Le film est une merveille formaliste avec une idée folle par minute : passages sidérant d’une mise en scène classique à la théâtralisation sur fond noir, brusques raréfactions sonores, accélération expérimentales, et surimpressions oniriques.
Celui qui sans aucun doute a vu L’Ecole de la chair, et en a retenu la stylisation, est Paul Schrader pour son Mishima.
On n’est pas loin de Masahiro Shinoda, mais curieusement le film est produit par la Toho qui n’était pas à la pointe de la nouvelle vague.
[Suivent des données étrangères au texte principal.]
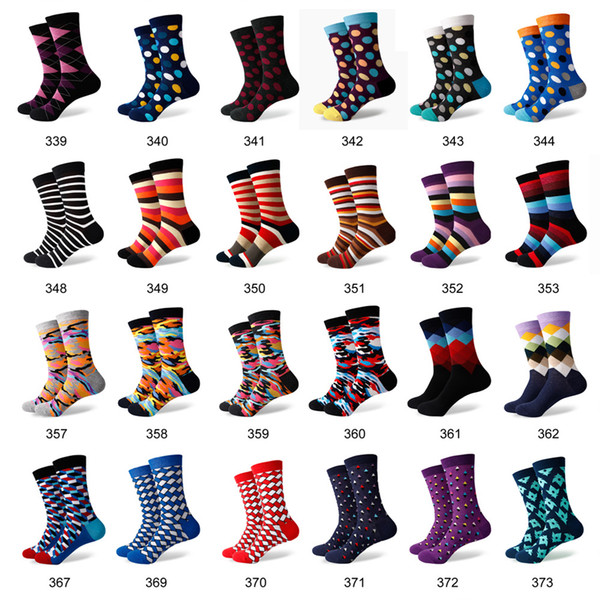 2016 Wholesale Brand New Colorful men's Socks 100% Combed Cotton socks 112colors MOQ 250pairs/lot 216-333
Senkichi, le jeune gigolo est interprété par Tsutomu Yamazaki, acteur à la très longue carrière, qu’on a vu mille fois sans forcément l’identifier. Toho oblige, il apparaît dans plusieurs Kurosawa, Entre le ciel et l’enfer par exemple où il est l’un des ravisseurs. Taeko en revanche est incarnée par une des actrices les plus marquantes du cinéma japonais des années 60, Kyoko Kishida avec son visage très singulier, à la fois magnifique, séduisant et effrayant.
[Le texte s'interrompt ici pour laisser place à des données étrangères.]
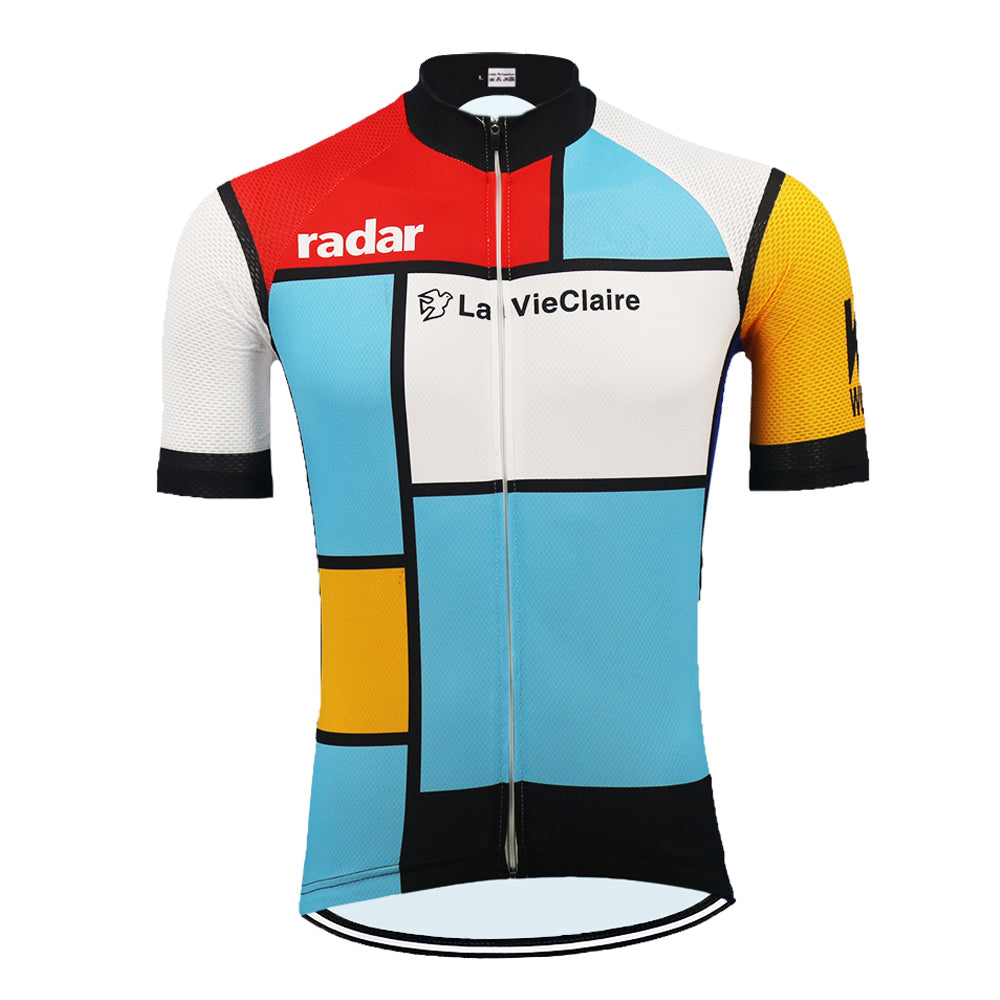 La Vie Claire Short Sleeve Cycling Jersey - Pedal Clothing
Un visage en tous cas qu’on ne se lasse pas de regarder. Elle est l’épouse bourgeoise de Passion de Masumura, et surtout La Femme des sables d’Hiroshi Teshigahara. C’est elle qui rajoute de la profondeur à cet étourdissant exercice formel. Au fond, sous son apparente faiblesse, elle est toujours une femme insecte, une mante religieuse, qui pourrait bien finir par dévorer le petit macho Senkichi.
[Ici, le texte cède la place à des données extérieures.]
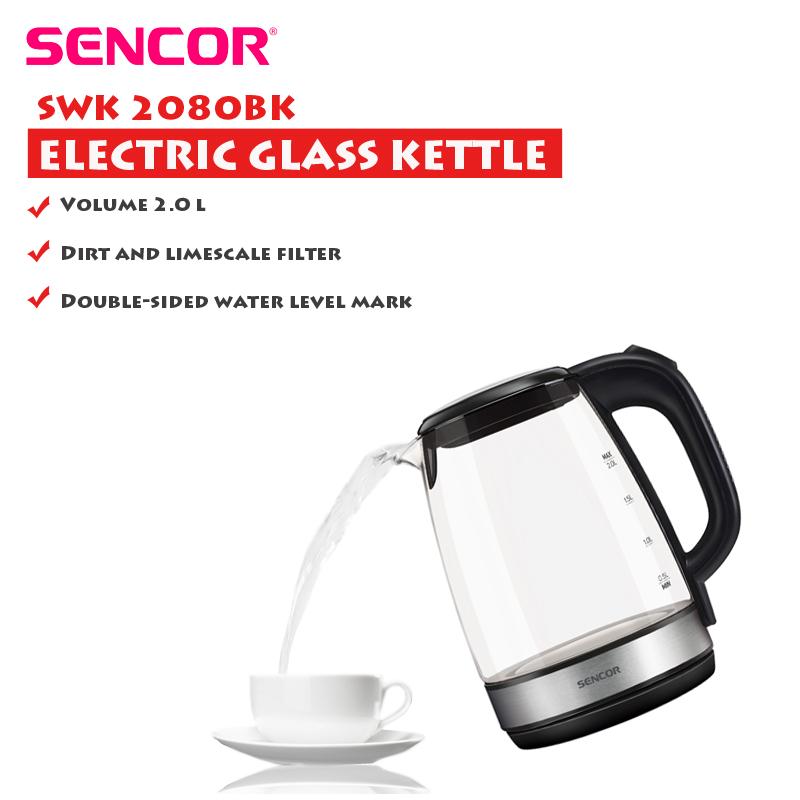 Glass kettle, 2 L - Sencor - Shop online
Le film respecte à la lettre l’esprit de Mishima (jusque dans les intérieurs bourgeois kitsch), peut-être dans le but d’en faire un de ces « films scandales » des années 60 qui fleurissaient dans le monde entier. Quatre ans avant Les Funérailles des roses, Ryô Kinoshita dépeint les « gay bars » de Tokyo, et des jeunes garçons pouvant aussi bien coucher avec des hommes que des femmes dans le but de se faire entretenir. Le patron du bar, confident de Taeko, est un « gay boy » angélique annonçant Peter, la queen des Funérailles des roses. Ça aussi permet de chasser le souvenir de Vincent Lindon, grotesque travesti minaudant dans le film de Jacquot.
Notons pour finir le défilé du couturier parisien "Yves Suger Laurende" car L’Ecole de la chair est aussi une comédie de mœurs, brocardant la bourgeoisie de l’après-guerre et son goût pour le luxe européen. Avoir un jeune amant, comme dans Le Diable au corps de Radiguet, en faisait partie.